Two things make those weight savings numbers even more impressive. First, engineers struggle to save ounces. Saving, say 10 pounds, is a major victory. Shaving hundreds of pounds off vehicles -- without massive downsizing -- is unprecedented. And second, GM is reducing vehicle weight at the same time content is increasing.

While Ford has reduced the weight of the F-150, it hasn’t done much else. Curb weights for the Escape, Explorer, Edge, Fusion and Focus are all up over the vehicles they replaced. FCA doesn’t talk about reducing weight; neither does Toyota or Nissan, both of which are lagging far behind in the use of aluminum and other lightweight metals.

Auto writers and consumers tend to expect the powertrain to do most of the heavy lifting when it comes to reducing CO2 emissions and improving fuel economy. Klein says GM looks at vehicle development more broadly than that and is combining its lightweighting expertise with advanced propulsion systems, optimized components and aerodynamic refinements.

Future lightweight components GM plans to introduce include carbon-fiber wheels for regular production vehicles and one-piece composite -- glass fiber sheet and metal -- floorpans for cars.

Marco Palmieri, senior vice president of North America for aluminum supplier Novelis, told me he sees GM’s mixed-materials strategy, not complete aluminum bodies, as the future.

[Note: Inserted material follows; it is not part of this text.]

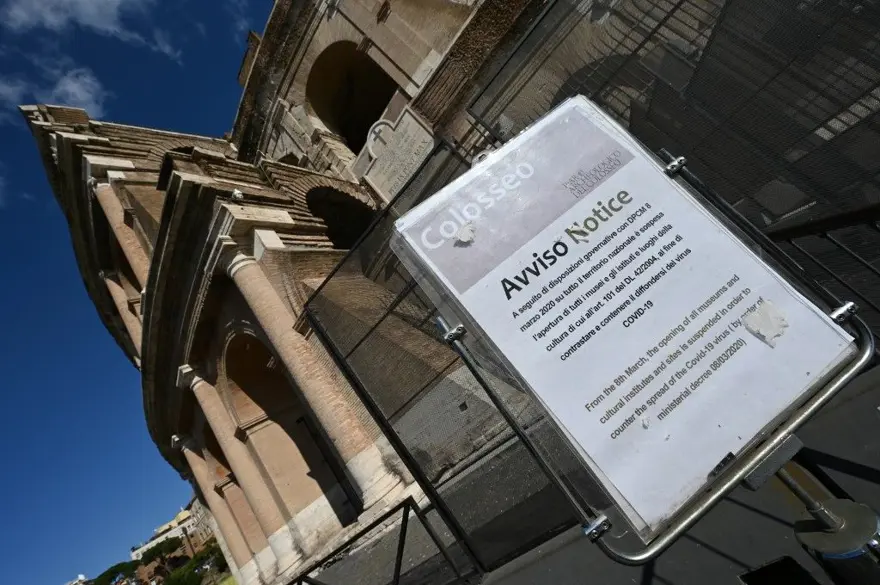 İtalya'da kız kardeşi karantinada ölen İtalyandan isyan çağrısı: Yardım edin 33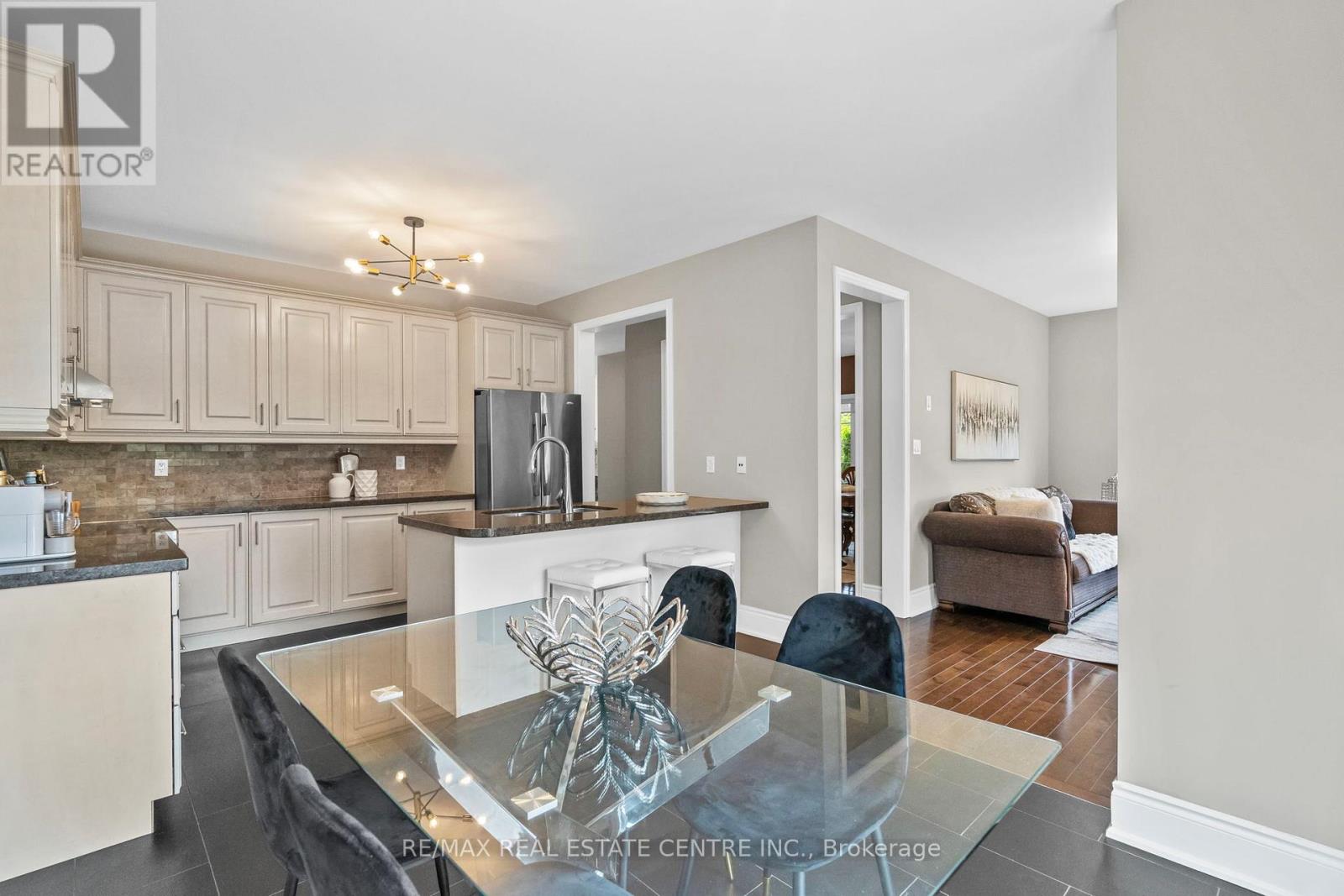 1360 Rolph Terrace, Milton, Ontario  L9T 7E1 - Photo 15 - W13432446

“There will be more mixed-materials vehicles, and we may see some all-aluminum vehicles, such as luxury cars with volumes of between 100,000 and 150,000 vehicles per year, changing to all aluminum. That is my own view,” he told me.

I like to say that GM is either scary bad or scary good. The company’s past troubles have been well-documented. But GM’s lightweighting strategy reveals a company on top of its game in engineering and product development.

When was the last time you could say that about GM?